Halide (Ragan-Kelley et al., 2012) introduced a domain specific language capable of encoding almost every tensor based computation. It relies on a combination of various cost models to guide its search, either handcrafted (Mullapudi et al., 2016; Sioutas et al., 2018; 2020) or learned (Adams et al., 2019), with optional benchmarking to rank the top solutions identified during the search. However, due to the extensive nature of the search, this process can take several hours for large problems such as the ones corresponding to commonly used neural networks. Moreover, the limited accuracy of these cost models limits the quality of the result.

More recently, TVM (Chen et al., 2018b) provided an implementation of many common deep learning (DL) operators in a DSL derived from Halide. This allowed it to annotate each operator with handwritten schedule templates that restrict the search space for each DL operator to good subspaces identified before hand. However, constructing good templates requires huge efforts and scarcely available expertise in both tensor operators and hardware. As a result, these templates fail to take into consideration good but far from obvious scheduling solutions. Furthermore, a cost model is used to quickly discard the solutions that are predicted to perform poorly. However, the limited accuracy of this cost model prevents TVM from leveraging it much. Instead, TVM heavily depends on benchmarking to assess the fitness of a schedule. As a result, autotuning deep neural network takes several hours.

To reduce the need for human expertise, FlexTensor (Zheng et al., 2020b) demonstrates how to build generic schedule templates, and navigates the larger search space using a combination of heuristics, simulated annealing, and Qlearning (Watkins & Dayan, 1992). However, they still benchmark workloads on real hardware to generate their reward signal on CPU and GPU, which results in search times of several hours. Ansor (Zheng et al., 2020a) uses a set of hardcoded rules to automatically generate schedule templates without human intervention.

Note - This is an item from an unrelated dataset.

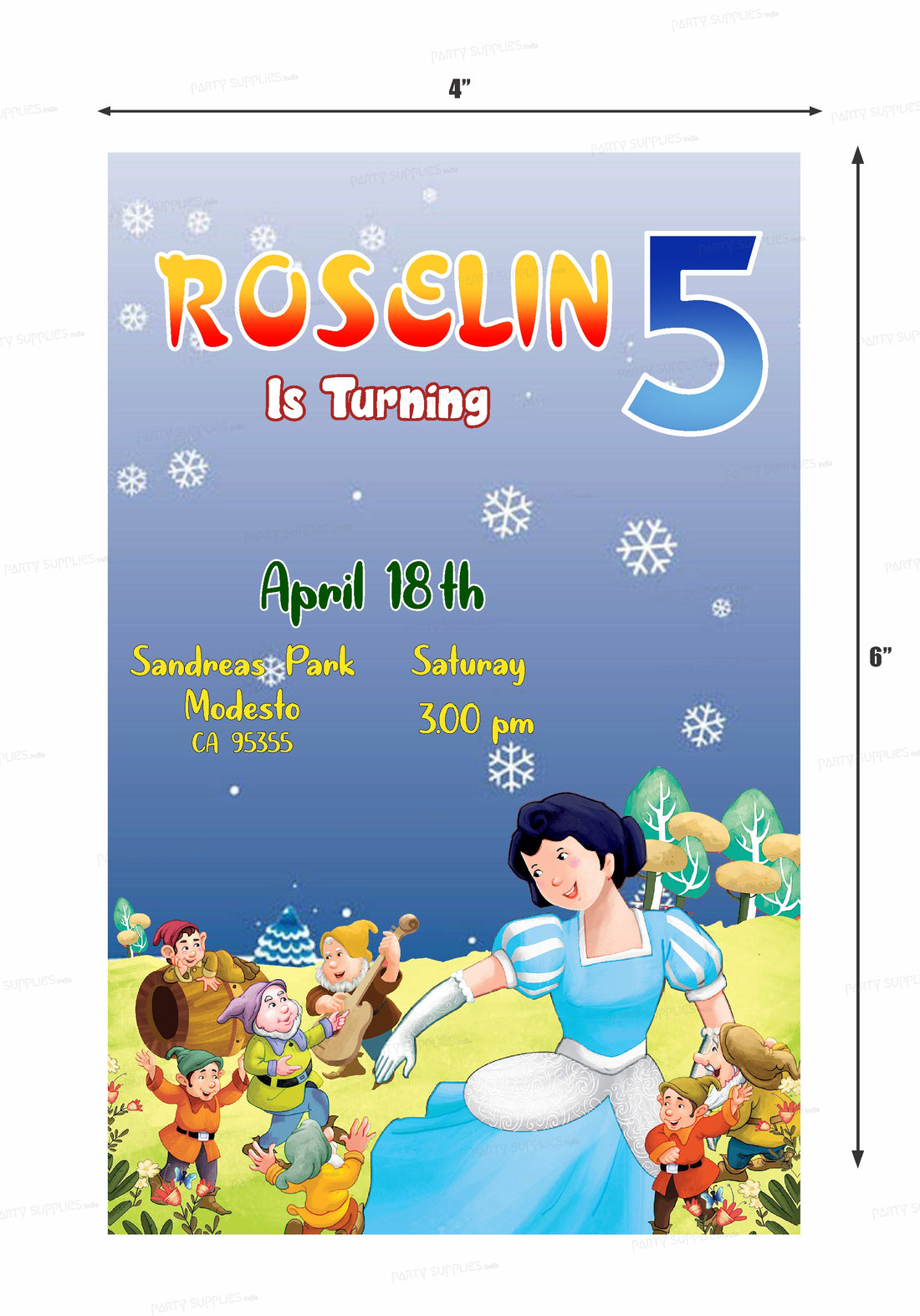 Snow And White Themes Invite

Like TVM, it relies on a cost model to guide its search through the solution space, and auto-tunes when its cost model suggests good points. However, the process takes several hours.

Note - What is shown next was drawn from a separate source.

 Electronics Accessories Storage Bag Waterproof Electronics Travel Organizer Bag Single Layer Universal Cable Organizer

Machine Learning based methods are also used for other applications. For example, Neo (Marcus et al., 2019) relies on deep neural networks to generate database query executions plans. It bootstraps its query optimization model from existing optimizers and continues to learn from incoming queries.

## **3** BACKGROUND

Neural networks are commonly modeled using a graph of deep learning tensor operators. Indeed, after being introduced by TensorFlow (Abadi et al., 2016), this type of representation has gained wide acceptance and has become a de-facto standard available in PyTorch (Paszke et al., 2019) (through TorchScript), ONNX (ONN, 2017 (accessed October 8, 2020), MXNet (Chen et al., 2015), and others. However, as the semantics of the operators is implicit and their implementation is opaque, these graph representations are not directly amenable to an end-to-end analysis. Moreover, any optimization at this level is inherently limited to the set of rewrites that can be represented using a combination of the available set of tensor operators. To avoid these two problems, compilers such as Halide and TVM encode each operator using one or more tensor expressions based on Einstein notation (Einstein, 1923). We use the same approach in our work, and in fact, we implement our contributions on top of Halide. In this section, we introduce the Halide tensor expression representation and scheduling directives, as well as the terminology we use throughout this paper. Readers already familiar with this topic can skip directly to section 4.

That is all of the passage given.